Your assignment
Copy all of the data that follows without altering a word.

Saved data entries:
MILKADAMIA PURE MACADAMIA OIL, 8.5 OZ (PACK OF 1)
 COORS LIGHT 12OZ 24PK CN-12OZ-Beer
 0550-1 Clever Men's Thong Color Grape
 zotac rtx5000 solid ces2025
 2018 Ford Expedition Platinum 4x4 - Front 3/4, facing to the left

Result of the task
MILKADAMIA PURE MACADAMIA OIL, 8.5 OZ (PACK OF 1)
 COORS LIGHT 12OZ 24PK CN-12OZ-Beer
 0550-1 Clever Men's Thong Color Grape
 zotac rtx5000 solid ces2025
 2018 Ford Expedition Platinum 4x4 - Front 3/4, facing to the left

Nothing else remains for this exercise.